Dzisiaj przychodzę do was z serią, która pojawiała się już niejednokrotnie na moim blogu - ulubieńcy miesiąca. Jednak tym razem będą to same kosmetyki. Zazwyczaj tych kosmetyków prawie w ogóle nie było, zamiast tego polecałam jedzenie, filmy, ale w ostatnim czasie coś ich się nazbierało i postanowiłam napisać ten post.
Zacznijmy od żelu z Garniera do twarzy.
Pewnie wielu z Was widziało reklamy puszczane w tv - Garnier Czysta Skóra, gdzie występował Kwiatkowski itd. lub na yt u różnych vlogerek. Dzisiaj mam do pokazania jeden z tych właśnie produktów.
Postanowiłam go przetestować i nawet całkiem się sprawdza. Daje bardzo fajne uczucie takiego orzeźwienia na twarzy i też ładnie pachnie. Po umyciu ma się wrażenie naprawdę oczyszczonej twarzy, więc mogę Wam go polecić.

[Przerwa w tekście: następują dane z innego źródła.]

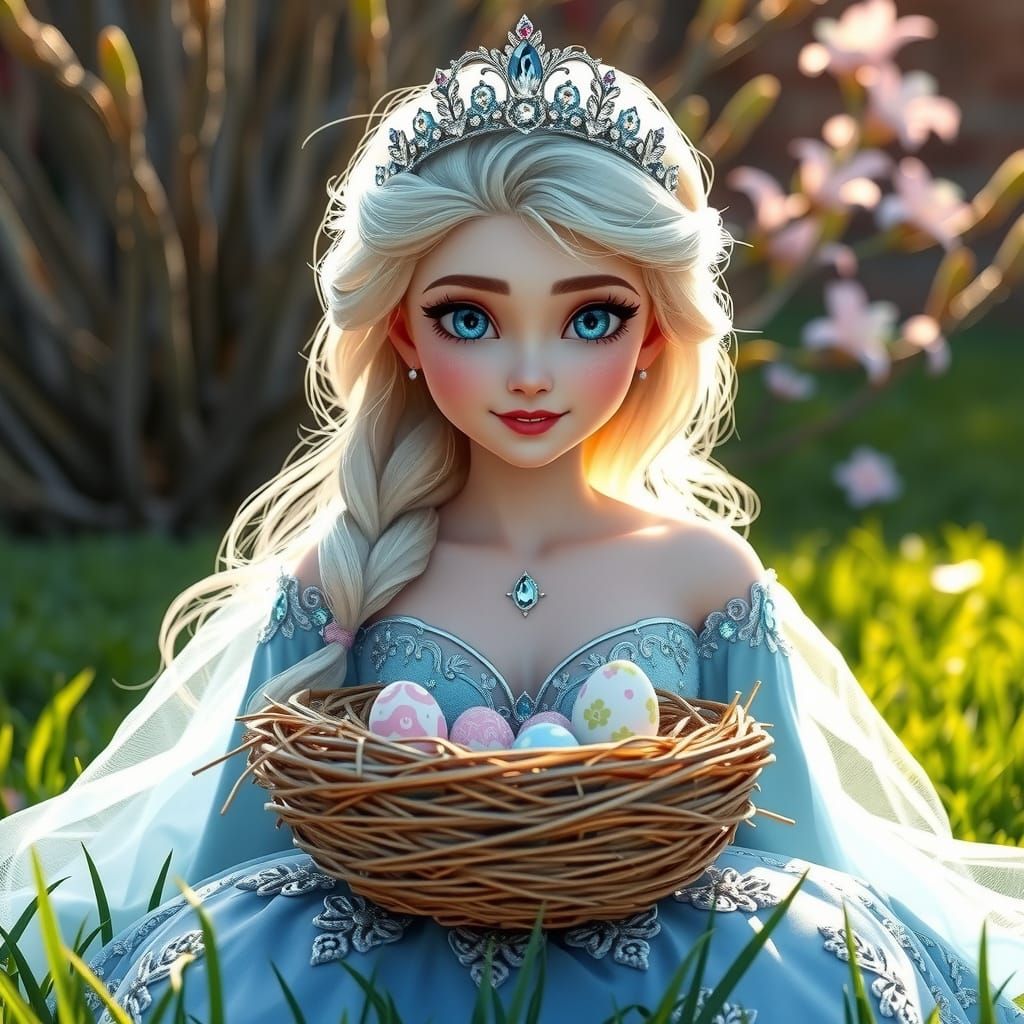 Elsa in Springtime Splendor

Następnym produktem jest naprawdę świetna odżywka do włosów z Schwarzkopf.
Można jej używać na mokre jak i suche włosy bez spłukiwania i dlatego już mi się kończy. Będę musiała lecieć po kolejną butelkę ;D
Jeśli mowa o włosach to mam też szampon z Syoss.
Wiele dziewczyn ma problemy z włosami, łamią się, rozdwojone końcówki itd. Ten szampon pozwala mi przynajmniej w jakimś stopniu odbudować ich strukturę. Uważam też, że nie można cały czas stosować tego samego szamponu, ponieważ włosy się potem zbyt przyzwyczajają. Lecz na ta chwilę myślę, że to rozwiązanie jest najlepsze, ale oczywiście później je zmienię. Polecam wypróbować ten produkt ;)
Kolejną rzeczą jest perfum z Avon'u.
Powiem Wam, że świetnie się sprawdza jako zastępnik dezodorantu, np. w szkole na wf, ponieważ posiada niezbyt dużą butelkę, w sam raz do plecaka czy torebki. Ma bardzo mocny zapach, więc nie polecam za bardzo go rozpylać, bo się można jeszcze udusić :D
Teraz przejdziemy do kilku produktów do ust.
Pierwszym jest matowa pomadka z Rimmel. Szukałam coś ładnego na usta, ale żeby też nie miało zbyt mocnego koloru. Ten produkt okazał się strzałem w dziesiątkę.
Mój naturalny kolor ust jest dość podobny do tego. Nie lubię tych wszystkich ćwiekatych szminek, które zmywają się po godzinie i brzydko pachną. Ta natomiast jest matowa, super trzyma się na ustach i nie schodzi tak szybko, a dodatkowo ma nawet przyjemny zapach. Jeśli szukacie czegoś takiego to tą pomadkę serdecznie polecam.
Teraz mam do pokazania dwie ochronne pomadki, które świetnie nawilżają usta.
Pierwsza to z Maybelline - Baby Lips.
Jakoś nigdy nie byłam do nich przekonana, ale spróbowałam i muszę przyznać, ze bardzo fajnie nawilżają usta i mają śliczny, słodki zapach. Moja jest bezbarwna. Dużym plusem jest też to, że się tak szybko nie kończy, co inne pomadki, których opakowania muszę wyrzucić już po miesiącu.
Druga to z Nivei o zapachu i smaku jeżyny.
Ma śliczny kolor, ale nie barwi aż tak mocno.
No i ostatnimi dwoma produktami są tusze do rzęs również z Avonu.
Pierwszy - w turkusowej tubce - to można powiedzieć najzwyklejszy tusz, który pozwala delikatnie wydłużyć i pokreślić rzęsy i ich dodatkowo nie skleja, co mi bardzo odpowiada.
Drugi jest dość nietypowy. Jest to raczej brokatowy pigment do nałożenia na nasze rzęsy, który daje bardzo śliczny efekt, ale nie nadmierny.
I to wszystkie kosmetyki :)
Może coś Wam przemówiło, albo też już testowaliście?